Kathleen Kalb launches A Fatal First Night
Kathleen Marple Kalb grew up in front of a microphone, and a keyboard. She’s now a weekend morning anchor at 1010 WINS New York, capping a career begun as a teenage DJ in Brookville, Pennsylvania. She worked her way up through newsrooms in Pittsburgh, Vermont and Connecticut, developing her skills and a deep and abiding distaste for snowstorms. While she wrote her first (thankfully unpublished) historical novel at age sixteen, fiction was firmly in the past until her son started kindergarten and she tried again. She, her husband the Professor, and their son the Imp, live in a Connecticut house owned by their cat.
WHERE TO FIND ME:
Do your characters come before or after your plot?
I’m absolutely character-driven. First, I come up with a group of people I want to spend time with, and then I figure out what to do with them. It often grows out of the characters’ lives and work: A FATAL FIRST NIGHT starts with a backstage murder at Ella Shane’s current production, and the murder trial that reporter Hetty MacNaughten is finally allowed to cover. Most of the twists grow out of the characters’ relationships and their expectations. Not that I don’t spend plenty of time on plot. In FIRST NIGHT, there are two interlocking cases, and (hint, not spoiler!) you don’t know until the very end how everything is connected.

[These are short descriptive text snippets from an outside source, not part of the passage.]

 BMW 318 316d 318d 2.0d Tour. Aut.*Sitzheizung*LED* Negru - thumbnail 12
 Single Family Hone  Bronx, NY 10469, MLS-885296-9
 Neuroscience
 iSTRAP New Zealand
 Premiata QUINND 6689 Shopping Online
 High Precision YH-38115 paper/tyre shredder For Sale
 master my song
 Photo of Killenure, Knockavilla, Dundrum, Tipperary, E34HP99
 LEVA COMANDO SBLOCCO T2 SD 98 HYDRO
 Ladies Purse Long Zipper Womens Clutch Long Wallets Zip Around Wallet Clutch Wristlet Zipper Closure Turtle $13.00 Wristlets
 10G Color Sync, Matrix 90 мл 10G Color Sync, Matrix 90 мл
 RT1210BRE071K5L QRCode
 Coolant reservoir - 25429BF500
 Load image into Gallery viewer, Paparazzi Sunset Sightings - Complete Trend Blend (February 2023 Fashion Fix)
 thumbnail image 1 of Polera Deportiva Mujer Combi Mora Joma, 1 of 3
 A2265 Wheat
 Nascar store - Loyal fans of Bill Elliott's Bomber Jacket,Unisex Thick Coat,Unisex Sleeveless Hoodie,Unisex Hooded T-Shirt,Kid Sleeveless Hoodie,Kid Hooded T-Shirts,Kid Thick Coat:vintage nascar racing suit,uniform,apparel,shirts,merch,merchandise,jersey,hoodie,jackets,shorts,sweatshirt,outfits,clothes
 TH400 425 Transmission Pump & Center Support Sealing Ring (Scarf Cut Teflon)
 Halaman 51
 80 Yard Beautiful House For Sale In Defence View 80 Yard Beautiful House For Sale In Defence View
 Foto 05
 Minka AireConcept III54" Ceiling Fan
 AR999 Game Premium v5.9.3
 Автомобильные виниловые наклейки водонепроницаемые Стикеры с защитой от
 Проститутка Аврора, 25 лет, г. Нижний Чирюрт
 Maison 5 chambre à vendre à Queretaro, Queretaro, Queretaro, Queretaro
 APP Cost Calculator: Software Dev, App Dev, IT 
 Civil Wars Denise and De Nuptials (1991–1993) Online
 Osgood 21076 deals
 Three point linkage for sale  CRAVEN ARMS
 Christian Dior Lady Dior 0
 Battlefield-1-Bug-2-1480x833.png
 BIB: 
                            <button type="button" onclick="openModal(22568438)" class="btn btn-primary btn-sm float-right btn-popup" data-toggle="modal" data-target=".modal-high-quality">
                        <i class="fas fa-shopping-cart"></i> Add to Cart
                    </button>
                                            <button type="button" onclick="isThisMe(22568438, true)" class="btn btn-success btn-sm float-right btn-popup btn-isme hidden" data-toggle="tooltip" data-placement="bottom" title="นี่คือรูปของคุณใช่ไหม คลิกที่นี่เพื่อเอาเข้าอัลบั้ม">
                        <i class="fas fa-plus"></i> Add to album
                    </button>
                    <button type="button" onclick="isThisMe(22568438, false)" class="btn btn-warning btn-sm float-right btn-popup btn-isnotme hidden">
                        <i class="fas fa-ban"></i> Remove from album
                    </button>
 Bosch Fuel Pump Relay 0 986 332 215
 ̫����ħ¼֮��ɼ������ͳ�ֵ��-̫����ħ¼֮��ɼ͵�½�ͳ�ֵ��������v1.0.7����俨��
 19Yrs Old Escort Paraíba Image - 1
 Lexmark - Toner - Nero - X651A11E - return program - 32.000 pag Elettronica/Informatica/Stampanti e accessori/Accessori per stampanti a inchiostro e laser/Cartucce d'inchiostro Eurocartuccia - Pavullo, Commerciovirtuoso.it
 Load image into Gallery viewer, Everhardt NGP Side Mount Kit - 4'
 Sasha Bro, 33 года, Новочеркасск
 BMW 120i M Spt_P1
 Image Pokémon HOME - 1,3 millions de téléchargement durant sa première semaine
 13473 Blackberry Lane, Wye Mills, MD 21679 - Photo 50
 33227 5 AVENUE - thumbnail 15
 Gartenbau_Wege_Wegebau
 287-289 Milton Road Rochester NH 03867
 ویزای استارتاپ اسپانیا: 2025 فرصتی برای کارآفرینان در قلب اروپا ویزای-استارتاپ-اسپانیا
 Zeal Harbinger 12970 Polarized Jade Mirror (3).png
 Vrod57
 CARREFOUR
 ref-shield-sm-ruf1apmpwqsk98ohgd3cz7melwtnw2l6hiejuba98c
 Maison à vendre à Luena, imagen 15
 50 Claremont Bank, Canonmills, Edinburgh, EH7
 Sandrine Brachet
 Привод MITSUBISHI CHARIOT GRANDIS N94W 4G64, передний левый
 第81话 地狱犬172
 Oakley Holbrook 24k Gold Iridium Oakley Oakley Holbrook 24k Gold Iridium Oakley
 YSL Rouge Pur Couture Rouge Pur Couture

How do you choose a villain and how do you make them human?
All villains aren’t killers…and all killers aren’t obvious villains. Many of the nastiest characters in my work are simply horrible humans, but not necessarily the murderer. I like to think that all of my characters seem real and human, since they are to me, so the killers are often appealing people. Usually, they’re driven by ambition or need, and don’t understand why what they’ve done is wrong.
Do your reading choices reflect your writing choices?
Sure do! I’ve been a history buff since I was a kid, and the Victorian Era was always a favorite. Years before I was writing the Ella Shane series, I was marinating in the time period, and absorbing the details and the mores of the period. More, I grew up on ANNE OF GREEN GABLES and other late-Victorian fiction, and just loved the sense of a big cast of lovable people in a close-knit area. And, of course, the story of the poor orphan girl who makes good with a found family. History is still my go-to read when I’m working on a new project or just stressed. I’m reading Alison Weir’s biography of Elizabeth of York right now!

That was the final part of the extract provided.